Re: [PATCH v3 3/4] arm64: mte: Enable async tag check fault

From: Mark Rutland
Date: Fri Jan 15 2021 - 10:39:01 EST


On Fri, Jan 15, 2021 at 12:00:42PM +0000, Vincenzo Frascino wrote:
> MTE provides a mode that asynchronously updates the TFSR_EL1 register
> when a tag check exception is detected.
>
> To take advantage of this mode the kernel has to verify the status of
> the register at:
> 1. Context switching
> 2. Return to user/EL0 (Not required in entry from EL0 since the kernel
> did not run)
> 3. Kernel entry from EL1
> 4. Kernel exit to EL1
>
> If the register is non-zero a trace is reported.
>
> Add the required features for EL1 detection and reporting.
>
> Note: ITFSB bit is set in the SCTLR_EL1 register hence it guaranties that
> the indirect writes to TFSR_EL1 are synchronized at exception entry to
> EL1. On the context switch path the synchronization is guarantied by the
> dsb() in __switch_to().
>
> Cc: Catalin Marinas <catalin.marinas@xxxxxxx>
> Cc: Will Deacon <will@xxxxxxxxxx>
> Signed-off-by: Vincenzo Frascino <vincenzo.frascino@xxxxxxx>
> ---
> arch/arm64/include/asm/mte.h | 21 +++++++++++++++++++
> arch/arm64/kernel/entry-common.c | 11 ++++++++++
> arch/arm64/kernel/mte.c | 35 ++++++++++++++++++++++++++++++++
> 3 files changed, 67 insertions(+)
>
> diff --git a/arch/arm64/include/asm/mte.h b/arch/arm64/include/asm/mte.h
> index d02aff9f493d..1a715963d909 100644
> --- a/arch/arm64/include/asm/mte.h
> +++ b/arch/arm64/include/asm/mte.h
> @@ -92,5 +92,26 @@ static inline void mte_assign_mem_tag_range(void *addr, size_t size)
>
> #endif /* CONFIG_ARM64_MTE */
>
> +#ifdef CONFIG_KASAN_HW_TAGS
> +void mte_check_tfsr_el1_no_sync(void);
> +static inline void mte_check_tfsr_el1(void)
> +{
> + mte_check_tfsr_el1_no_sync();
> + /*
> + * The asynchronous faults are synch'ed automatically with

Nit: can we please use "sync" rather than "synch", to match what we do
elsewhere, e.g. mte_check_tfsr_el1_no_sync immediately above. The
inconsistency is unfortunate and distracting.

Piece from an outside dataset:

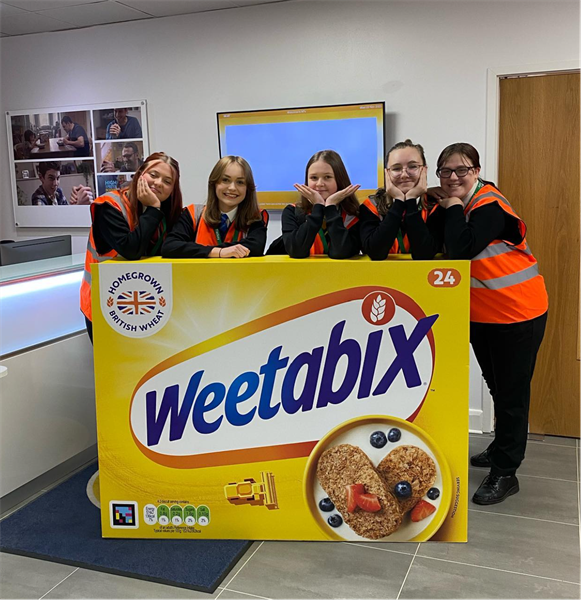 KBA Students Attend Inaugural Women In Engineering Day at Weetabix Headquarters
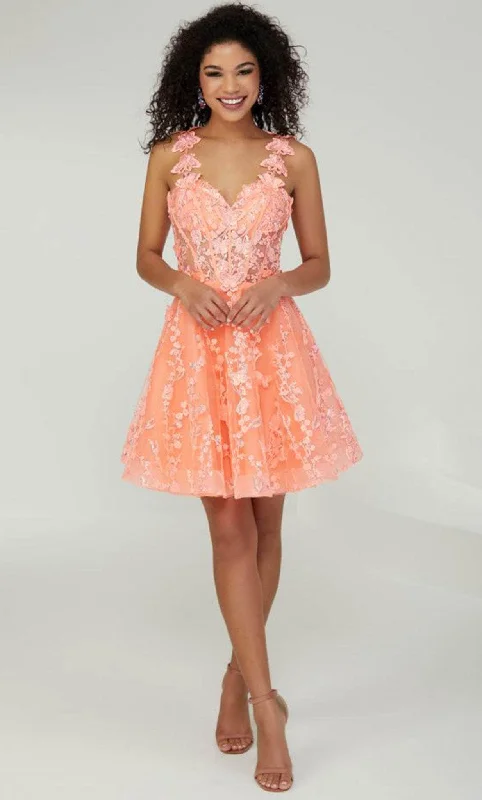 tulle party dressesTiffany Homecoming 27381 - Butterfly Cocktail Dress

> + * TFSR_EL1 on kernel entry but for exit an explicit dsb()
> + * is required.
> + */
> + dsb(ish);
> +}

Did you mean to have the barrier /before/ checking the TFSR? I'm
confused as to why it's after the check if the point of it is to ensure
that TFSR has been updated.

I don't understand this difference between the entry/exit paths; are you
relying on a prior DSB in the entry path?

Is the DSB alone sufficient to update the TFSR (i.e. is an indirect
write ordered before a direct read)? ... or do you need a DSB + ISB
here?

It's probably worth a comment as to why the ISH domain is correct here
rather than NSH or SY. I'm not entirely certain if ISH is necessary or
sufficient, but it depends on the completion rules.

[...]

> >
> /*
> @@ -47,6 +49,13 @@ static void noinstr exit_to_kernel_mode(struct pt_regs *regs)
> {
> lockdep_assert_irqs_disabled();
>
> + /*
> + * The dsb() in mte_check_tfsr_el1() is required to relate
> + * the asynchronous tag check fault to the context in which
> + * it happens.
> + */
> + mte_check_tfsr_el1();

I think this comment is misplaced, given that mte_check_tfsr_el1() isn't
even in the same file.

If you need to do different things upon entry/exit, I'd rather we had
separate functions, e.g.

* mte_check_tfsr_entry();
* mte_check_tfsr_exit();

... since then it's immediately obvious in context as to whether we're
using the right function, and then we can have a comment within each of
the functions explaining what we need to do in that specific case.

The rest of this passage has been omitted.